Of course, there's always the outside chance that the experiment worked so well that Intel is keeping an architecture inspired by the Larrabee research project it in reserves for after it's gone as far as it can shrinking transistors and needs something new to sell.

[1] http://www.trustedreviews.com/opinions/intel-larrabee-an-int...

First off, I love the post! Super meaty goodness.

I read-ish the whole set of slides and it sounds pretty good (the devil is always in the details), but I got a little worried about VLIW-ish issues when [in the slides] he said on slide #57:

    The compiler controls when ops issue
One of the big issues with VLIW was that the compiler had to be intimately aware of processor architecture. So when you upgraded your '886 to a '986 you needed new binaries because the '986 had more registers or executions units. [I assume Itanium fixed some of this, but it also sunk my interest in VLIW.]

Is this architecture going to face the same issue?

Edit: I watching the video and heard that "nearly all of what the super scalar is doing is [not calculating]". One of the other VLIW issues was that chip area was dominated by cache-area, so all the stuff about [not calculating] shrank and shrank relatively as cache area grew (see: http://techreport.com/review/15818/intel-core-i7-processors). This claim concerns me.

Edit V2: but damn... Exciting stuff.

The Mill compiler is a conventional three-phase tool. The first version used the EDG front end and home-grown middle and back ends, but we are converting to a clang front end, LLVM middle, and home-grown back end. All optimization is done in the middle end; the back end (the "specializer" runs at program install (or load) time and does only scheduling and emit.

All Mill family members have a common architecture, that the middle end knows about. ME output (specializer input) is a complete CFG and DFG for the abstract Mill. The specializer first replaces operations that are not present on the target with calls to functions; on a Mill function call is semantically equivalent to an op like an add.

There is no instruction-selection phase. The Mill in general has only one way to implement any given source-level action, and the correct (abstract) code has already been selected by the ME. The BE does instruction scheduling, introducing spill where necessary, using standard schedule algorithms long used for in-order machines and VLIWs. The result may be listed as assembler source or emitted as binary. The schedule algorithms have quadratic worst case but in practice are linear. The generated binaries are cached in the load module, so subsequent runs skip the specializer step.

Current status is that work on the new (LLVM-based) compiler is on hold while we complete the patent filings, and the old one is out of date already. When the filings are in we hope to make the tool chain and sim available on-line for those who want to play. We could do that now with the assembler and sim, except that the asm instruction set exposes some things that the patents aren't in on yet. Grrr - patents!

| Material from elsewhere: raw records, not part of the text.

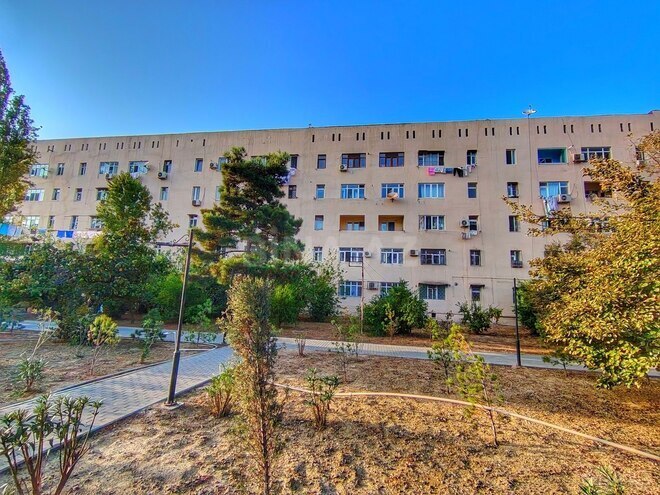 Satılır 2 otaqlı köhnə tikili 60 m², Xalqlar Dostluğu m., photo 1 from 25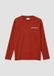 s.Oliver Shirt met lange mouwen en rugprint
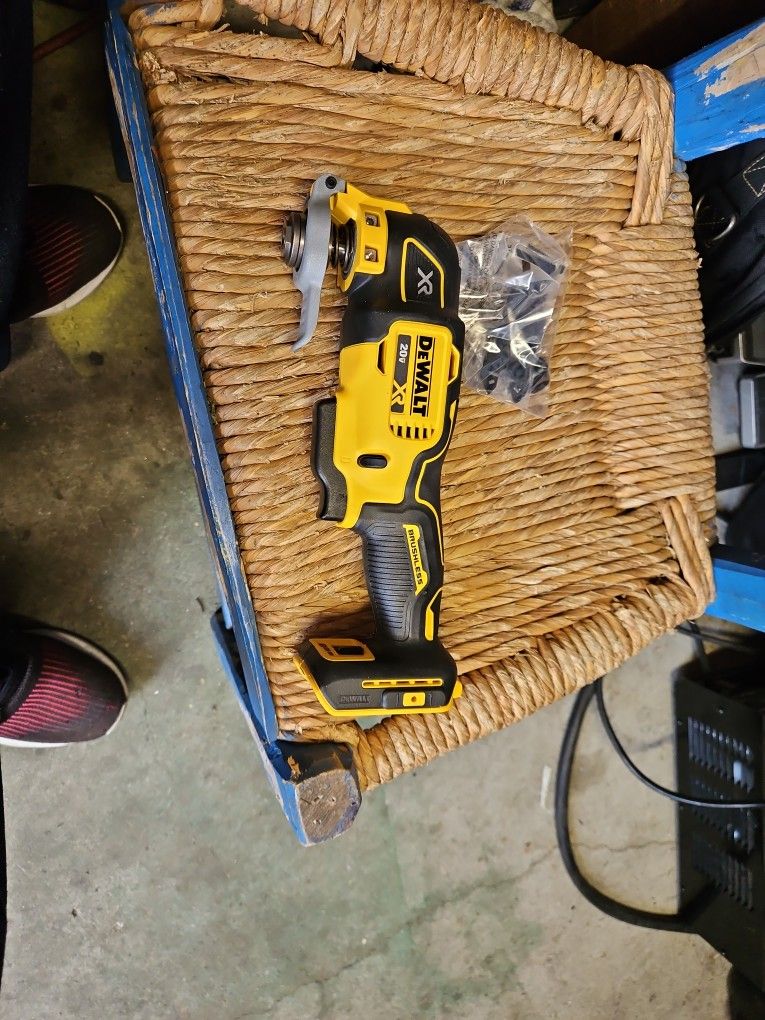 Dewalt 20v Xr Multi Tools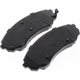 HI-Q FRONT BRAKE PAD SET HYUNDAI H1 KIA Carnival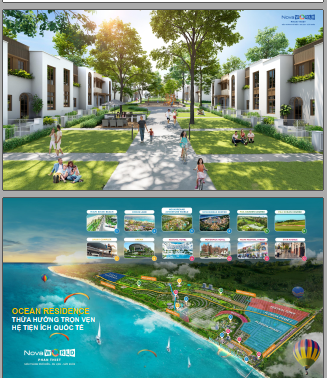 Cần bán Biệt thự dự án NovaWorld Phan Thiết, Diện tích 144m², Giá 9 Tỷ - LH: 0913381968 3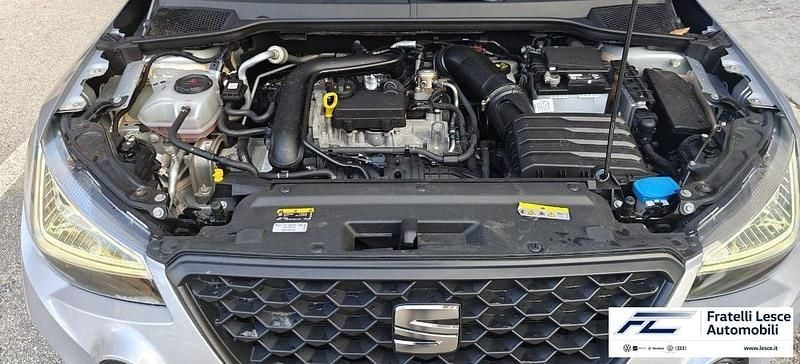 Usata Seat Arona Style 116 CV (85 kW) 2022 Argento(met.) SUV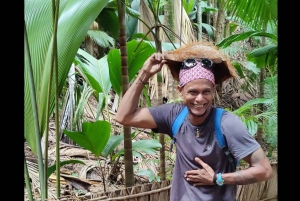 Praslin: upptäck ön med en lokal guide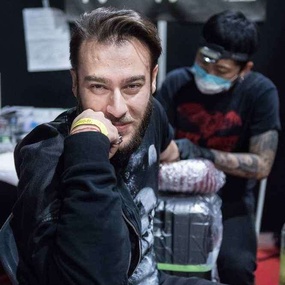 International Brussels Tattoo Convention 2017 | 3 день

As someone who worked on operating systems back at Multiflow (late 80's, the first VLIW start-up as a spin-off from Yale research), it struck me recently that something like an LLVM representation of binary code might solve the "compiler problem" (needing to know the exact specifics of the chip's latencies). I.e., you'd run and load LLVM binaries, and have a runtime final optimization pass that took into account the specific latencies of each opcode for a particular implementation. (The LLVM architecture is actually already set up to do optimizations at runtime on LLVM "binaries".)

But perhaps that "final optimization pass" would be nearly as hard as the whole compilation problem in the first place; dunno. I wasn't on the compiler team, so this is perhaps a naive viewpoint.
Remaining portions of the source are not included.